-- Available records follows --
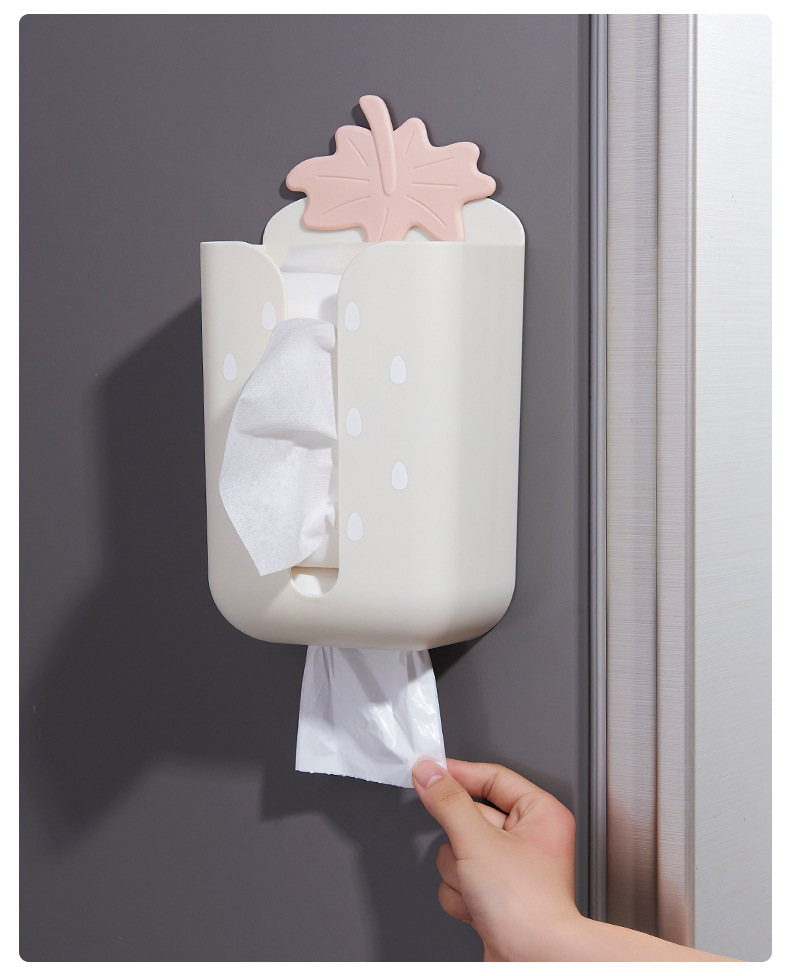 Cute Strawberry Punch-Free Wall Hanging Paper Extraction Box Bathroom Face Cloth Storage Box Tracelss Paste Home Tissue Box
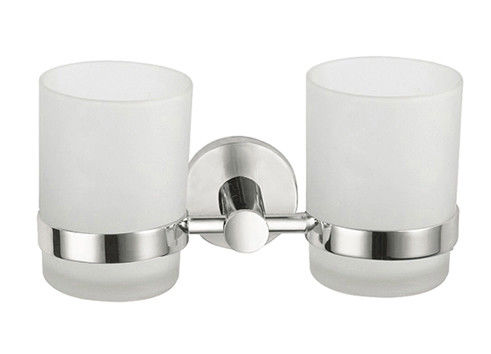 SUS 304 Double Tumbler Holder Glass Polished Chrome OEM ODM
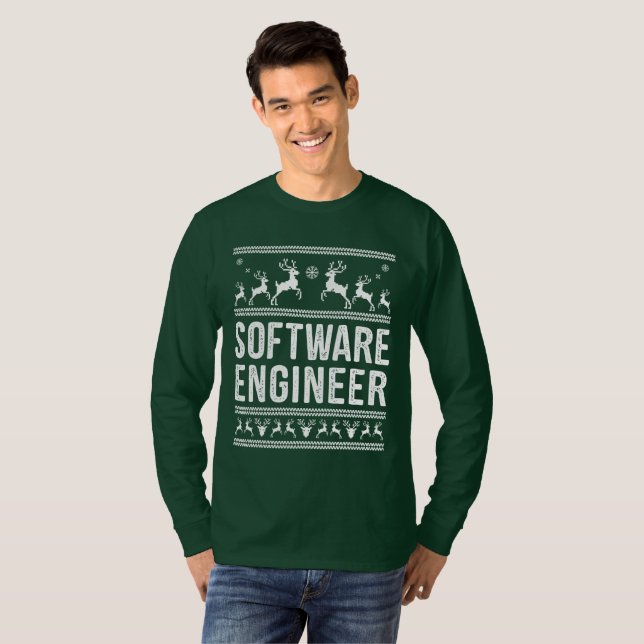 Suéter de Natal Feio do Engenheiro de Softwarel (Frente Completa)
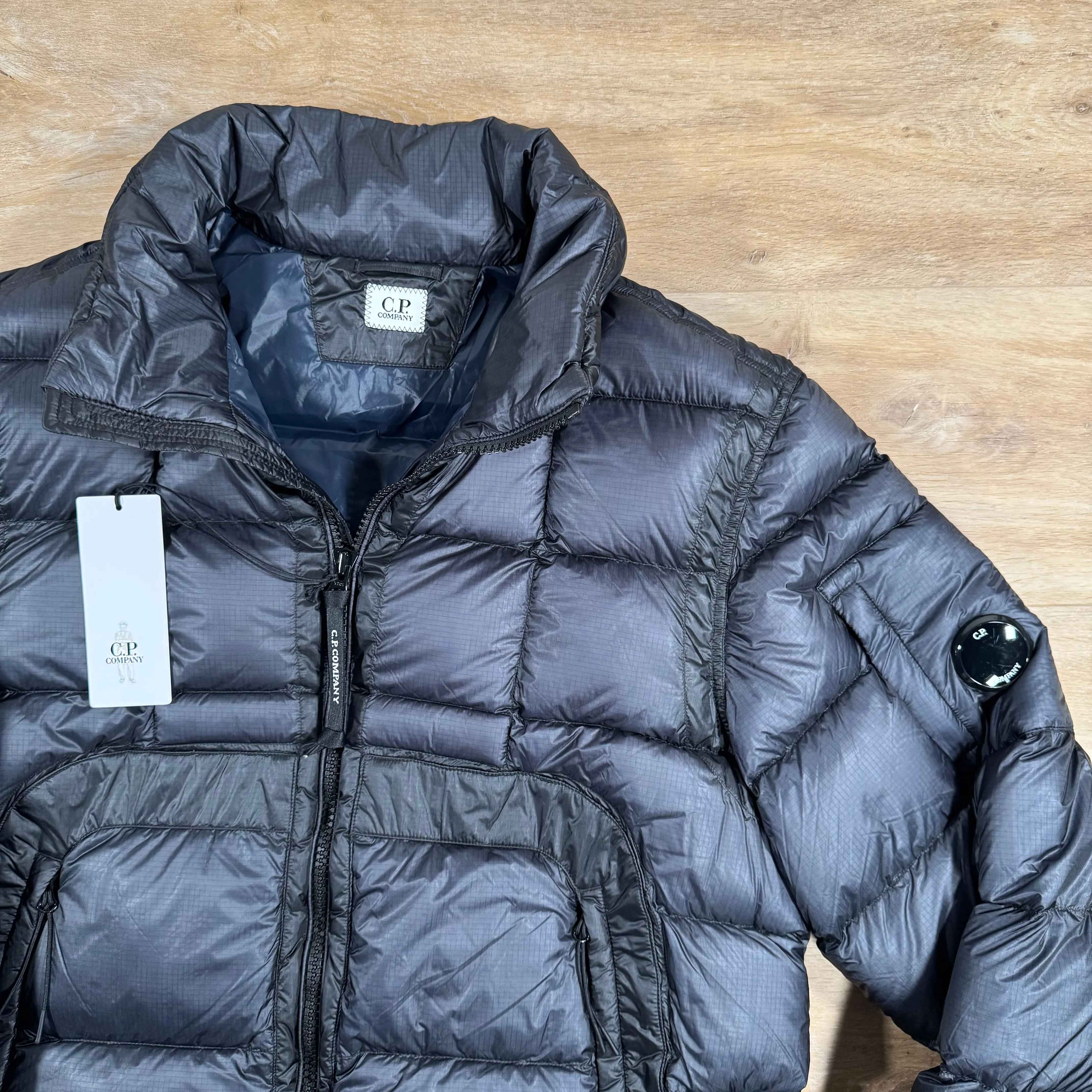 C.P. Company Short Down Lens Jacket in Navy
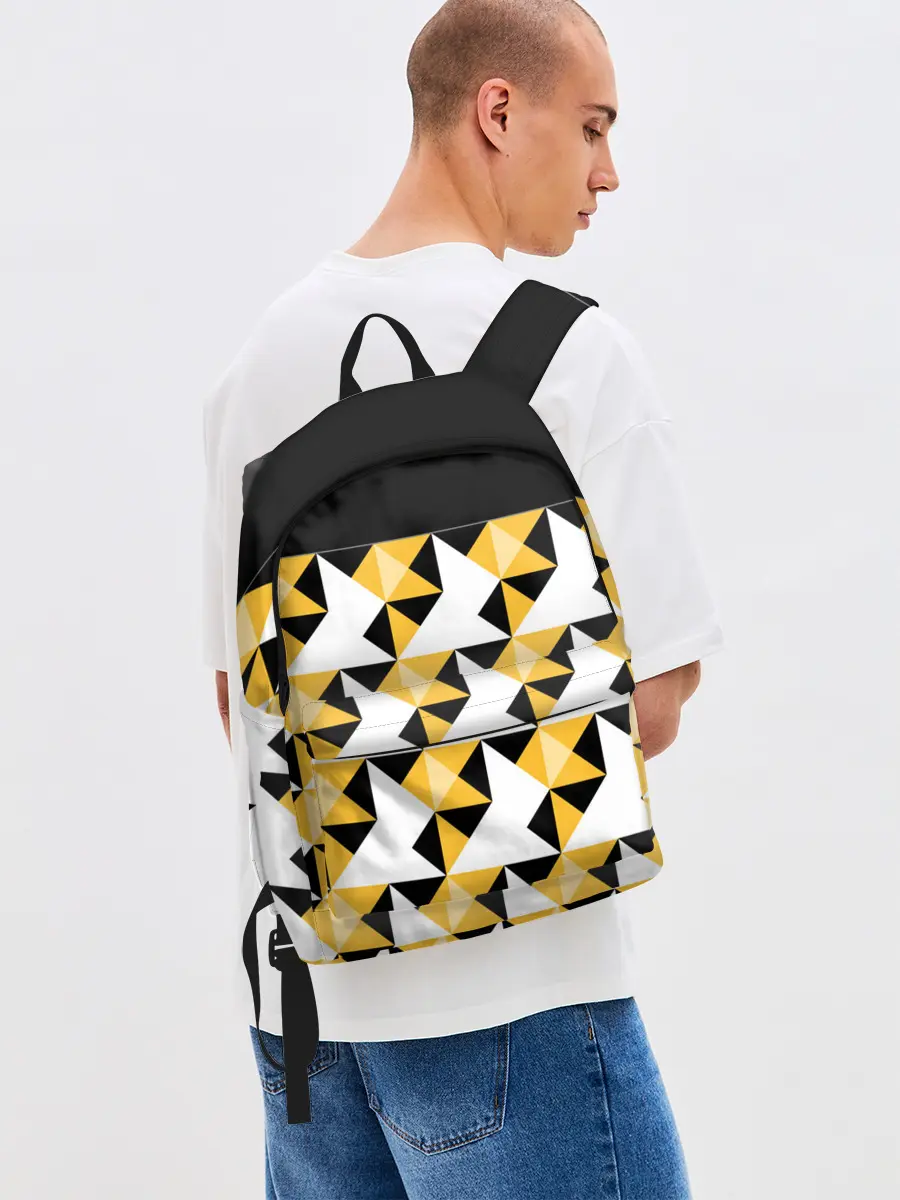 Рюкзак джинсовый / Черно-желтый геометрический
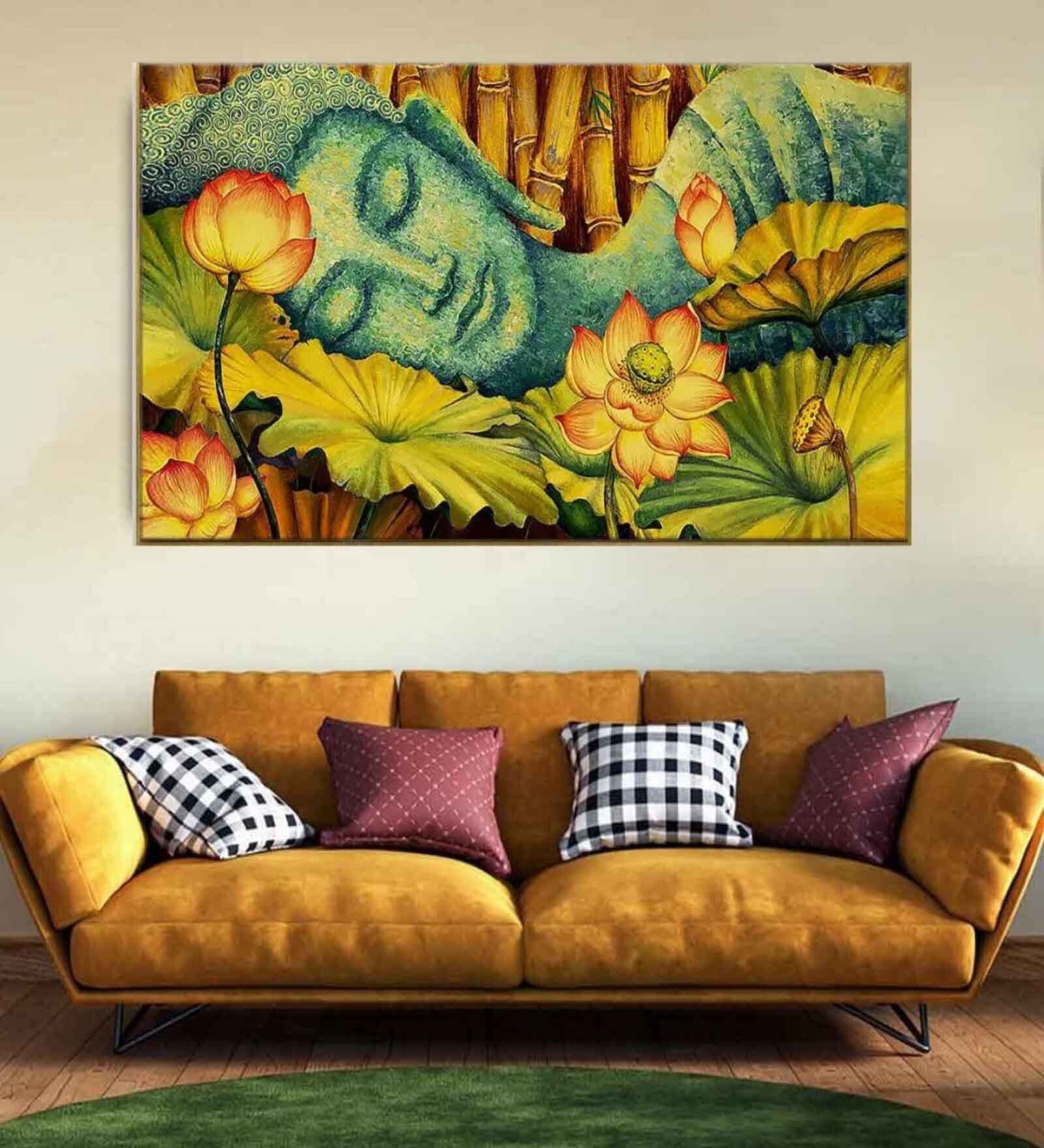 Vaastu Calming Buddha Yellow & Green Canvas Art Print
-- Available records concluded --
▶ Aim of the exercise: Please reproduce the entries above line by line, exactly, leaving out each image.

▶ Response area:
 Cute Strawberry Punch-Free Wall Hanging Paper Extraction Box Bathroom Face Cloth Storage Box Tracelss Paste Home Tissue Box
 SUS 304 Double Tumbler Holder Glass Polished Chrome OEM ODM
 Suéter de Natal Feio do Engenheiro de Softwarel (Frente Completa)
 C.P. Company Short Down Lens Jacket in Navy
 Рюкзак джинсовый / Черно-желтый геометрический
 Vaastu Calming Buddha Yellow & Green Canvas Art Print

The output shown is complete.